Here the job is to transcribe only the lines from the one containing "Jednofarebná sviečka v cyklamenovej farbe." through the last line below, exactly as written; please leave out pictures.

[INPUT — start]

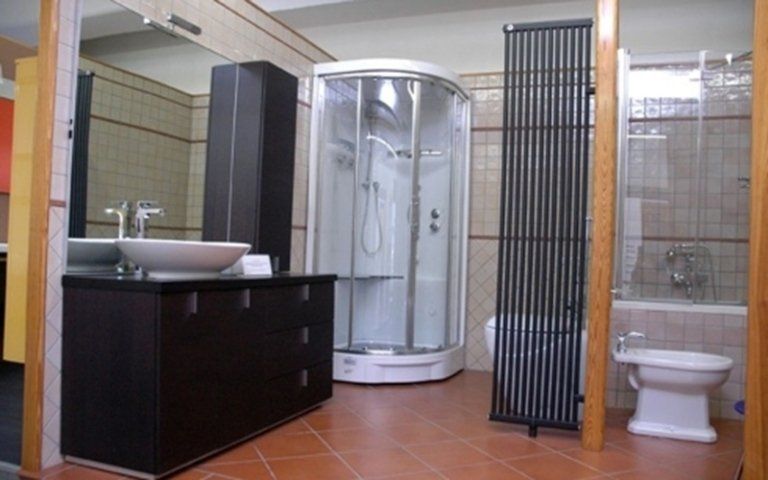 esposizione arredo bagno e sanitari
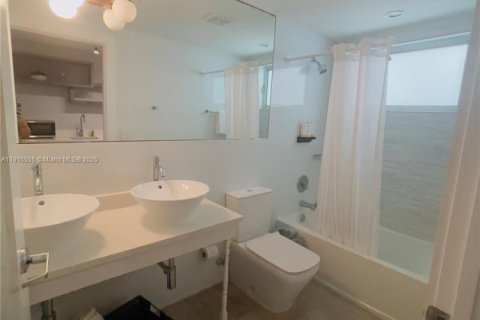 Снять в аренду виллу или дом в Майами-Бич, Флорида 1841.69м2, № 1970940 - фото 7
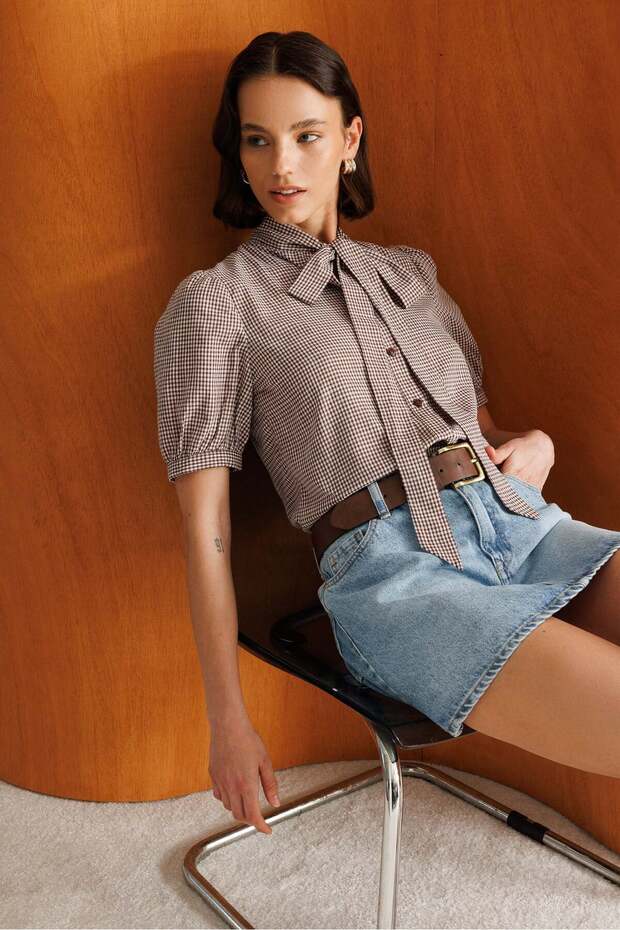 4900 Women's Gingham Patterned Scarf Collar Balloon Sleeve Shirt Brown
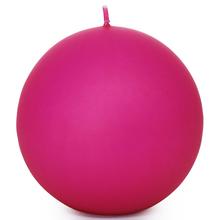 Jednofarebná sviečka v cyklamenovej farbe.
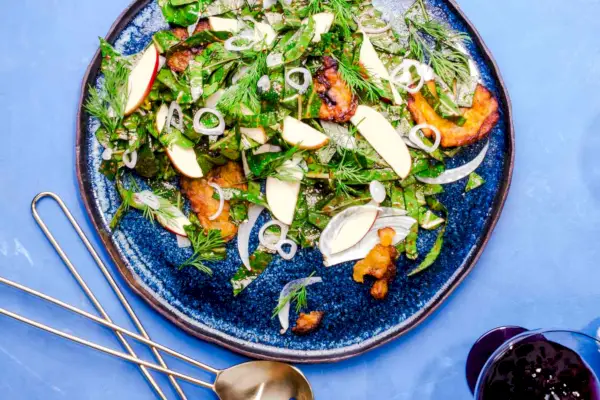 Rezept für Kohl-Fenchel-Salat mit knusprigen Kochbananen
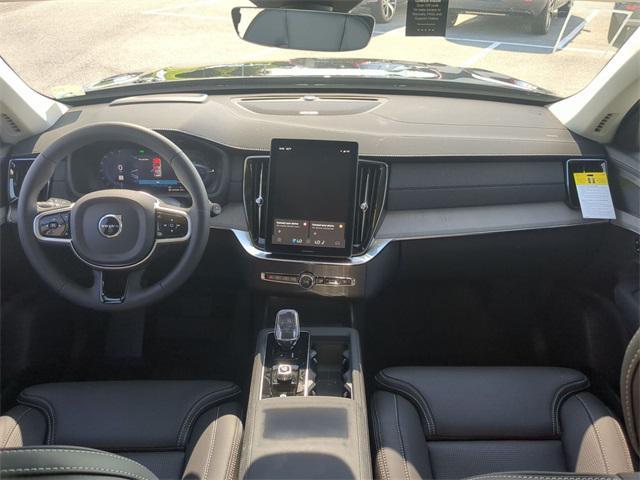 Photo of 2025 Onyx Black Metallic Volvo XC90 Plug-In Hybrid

[INPUT — finish]

• _EXERCISE OUTPUT_:
 Jednofarebná sviečka v cyklamenovej farbe.
 Rezept für Kohl-Fenchel-Salat mit knusprigen Kochbananen
 Photo of 2025 Onyx Black Metallic Volvo XC90 Plug-In Hybrid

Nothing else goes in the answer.